New York-based growth equity firm General Atlantic agreed to acquire a majority stake in London-based global energy and commodity price reporting agency Argus, in a deal that values the company at nearly £1 billion ($1.45 billion).

Argus and Platts, a division of S&P  (NYSE: SPGI), are recognized as the two most significant price reporting agencies (PRAs) in the global oil market.

Argus was founded by Jan Nasmyth in 1970 as a weekly newsletter covering the Amsterdam, Rotterdam and Antwerp petroleum products market. Jan remained actively involved in the business as chairman, until he died in 2008 at the age of 90.

Employee shareholders were given the opportunity to reinvest, while the family of Argus’ founder will sell their shareholding. “It has been an incredible 46 years, with huge growth in the business,” said the Nasmyth family.

Argus executive chairman and publisher Adrian Binks, who has led the company for more than 30 years, will continue in the business and retain the majority of his significant shareholding in the new structure alongside General Atlantic.

“We are delighted to welcome General Atlantic as our partner as we enter our next phase of growth,” said Binks. “I am especially pleased that so many current employees are being given the opportunity to reinvest in our business going forward. Argus will remain independent, focused on reporting commodities and continuing to bring transparency to opaque and vital markets.”

With more than 750 full-time employees, over 160 publications, 21 offices worldwide, and in excess of 23,000 price assessments, Argus is one of the largest commodity price reporting agencies globally. Argus’ client base extends across 140 countries and includes international oil companies, trading houses, government agencies and financial institutions.

In its next phase of growth, Argus will accelerate product innovation and development and expand coverage globally to meet the growing data and analysis needs of customers. Argus will be supported by General Atlantic’s expertise in the information services and internet and technology sectors.

“We have been following the company for many years and see a clear long-term growth trajectory. Argus’ data are absolutely essential for its customers’ day-to-day operations and the company’s recent technology investments position it well within its market,” said General Atlantic managing director Gabriel Caillaux.

Argus attracted over 60 prospective buyers and investors in the sale process, which was managed by Bank of America Merrill Lynch, according to Reuters.
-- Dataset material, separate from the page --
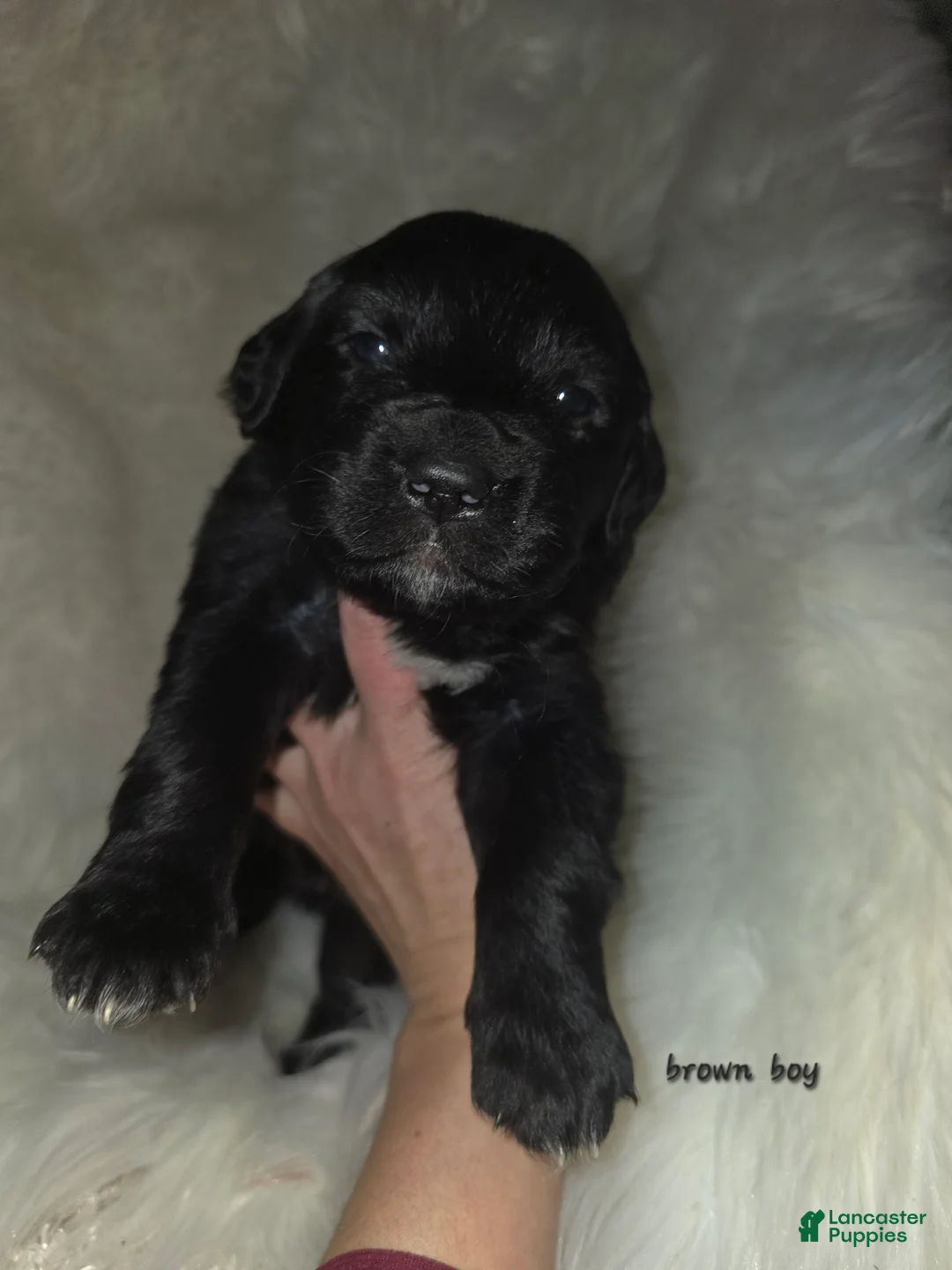 Mixed Breed dogs for sale: Mixed Breed Puppy 2 - Ad 1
Rival bidders included US buyout fund Hellman & Friedman, Singapore’s sovereign wealth fund Temasek Holdings, the Rothschild Group, and IHS.

General Atlantic has a long track record of partnering with European entrepreneurs and growth companies, having made its first investment in Europe in 1989. Since then, it has invested more than $5 billion in 52 companies across Europe, the Middle East and Africa (EMEA).

Within information and financial services specifically, General Atlantic’s portfolio includes EMEA companies such as Adyen, Axel Springer, FNZ, Hyperion Insurance Group, Klarna, Markit, MeteoGroup, Network International, Santander Asset Management and Saxo Bank.

Argus and General Atlantic expect to complete the transaction within two months, subject to regulatory approval. John Bernstein and Gabriel Caillaux from General Atlantic will join the Argus board of directors on completion of the transaction.